Plonger au fond du gouffre, Enfer ou Ciel, qu’importe ?
Spring Breakers était un objet problématique avant même d’être tourné.
Soit un chantre de la contre culture, la hype de l’underground, qui s’attaque à l’Everest de la beaufitude, l’événement annuel qui vaut à la société américaine ce que les orgies et les jeux du cirque disaient de l’empire romain, peu avant sa décadence. Jusque-là, le film à charge se profile sans problème.
Mais Korine y injecte des créatures Disney qu’il va prendre un malin plaisir à salir, un Franco tout droit sorti du carnaval des gangstas, et s’en va en promo laisser entendre que va y avoir du trash.

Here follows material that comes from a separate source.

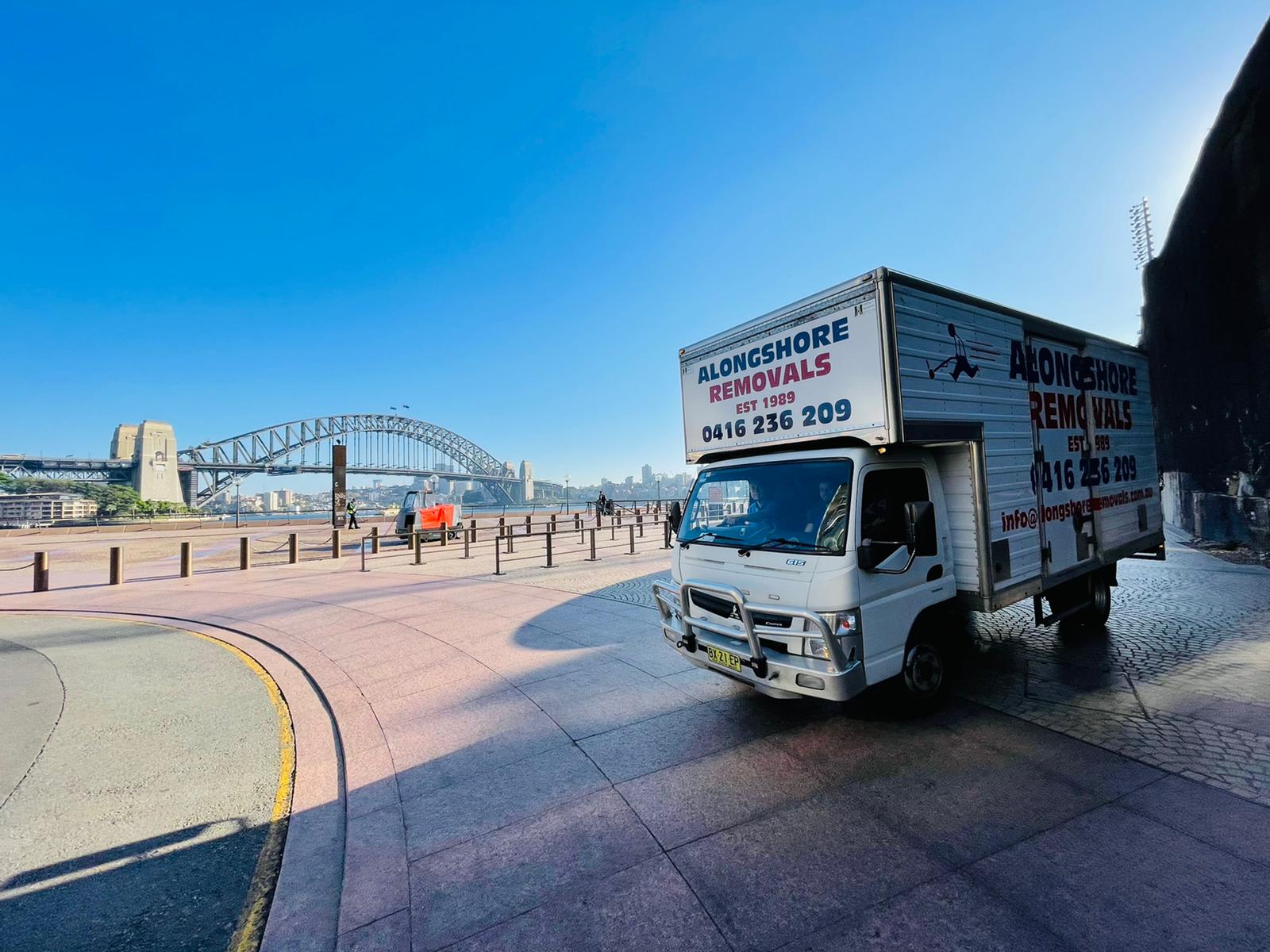 Alongshore Removals truck parked in front of the Sydney Harbour Bridge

Dès lors, deux façons de voir le film s’offrent à nous.
1. Film d’une ambigüité sans pareille, qui fait coexister une réalité obscène présentée comme l’Eden par des écervelées prêtes à tout pour y rester à vie et les moyens d’y parvenir. Le prix à payer, celui de la violence et de la criminalité, censé montrer le revers de la médaille et faire se bruler les ailes aux jouvencelles, y est présenté au contraire comme une composante essentielle de cette nouvelle vie à laquelle elles aspirent.

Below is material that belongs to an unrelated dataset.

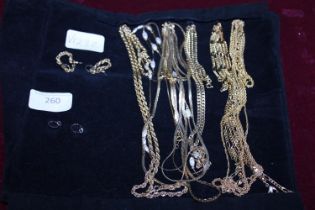 A good selection of gold tone necklaces and other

Verse-nous ton poison pour qu’il nous réconforte !
Nous voulons, tant ce feu nous brûle le cerveau,
Plonger au fond du gouffre, Enfer ou Ciel, qu’importe ?
Au fond de l’Inconnu pour trouver du nouveau !

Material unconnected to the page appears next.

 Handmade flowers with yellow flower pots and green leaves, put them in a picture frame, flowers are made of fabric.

(Baudelaire, Le Voyage, ultime strophe des Fleurs du Mal, 1857)
De ce point de vue, la débauche de couleurs, de hurlements, de fêtes orgiaques pourrait prendre son sens : nous sommes seuls à les considérer comme obscènes.
Plus le film avance, plus les éléments les moins susceptibles de compromissions sont évacués : la fragile chrétienne, la blessée par balles. Reste les véritables warriors, amazones 2.0 qui deviennent des créatures de films de Rodriguez et dansent sur de Britney Spears avec cagoules roses et fusils à pompe. Le fantasme est poussé à l’extrême, et nos petites Tonettes Montana, invincibles parce que sexy, maitresses du monde, estiment avec sagesse que le rite d’initiation est un succès et s’en vont retrouver le monde réel, fortes de leur « expérience ».
2. Film d’une prétention très problématique, fasciné par ce qu’il montre et produisant un objet pop corn sans réel propos. Tout y e, la drogue, le sexe, l’alcool, mais à l’exception de la scène d’ouverture, vraiment obscène, dans laquelle ne figurent pas les protagonistes, on a davantage le sentiment d’être conviés à un clip vaguement trash et d’une artificialité rebutante. Les gars sont très tolérants, quand même, et le problème du viol ou des overdoses, des gueules de bois, de la sexualité, tout simplement, est évacué. Korine joue au flirt continu, piscine et bikini, je tease mais je vais pas plus loin. Loin de moi l’idée d’en exiger davantage, mais qu’on ne vienne pas nous faire le coup du film générationnel sans concession, de l’envers du décor, tout ça.
Autre problème, le didactisme d’une lourdeur à pleurer : on aimerait consommer autant que les personnages pour être en phase avec elles : voix off continue, répétitions ad nauseam sans aucun sens, cut up et anticipations sans propos, effets sonores pathétique (les transitions entre les scènes accompagnées d’un coup de feu : AU SECOURS !).
Les demoiselles affirment dès le départ qu’il ne faut pas avoir peur, que c’est « comme dans un film ou dans un jeu vidéo », et imitent le flingue avec leur main sur tout le monde, y compris elles-mêmes.
D’accord. C’est un film, mauvais, d’autant plus mauvais qu’il est prétentieux et de mauvaise foi.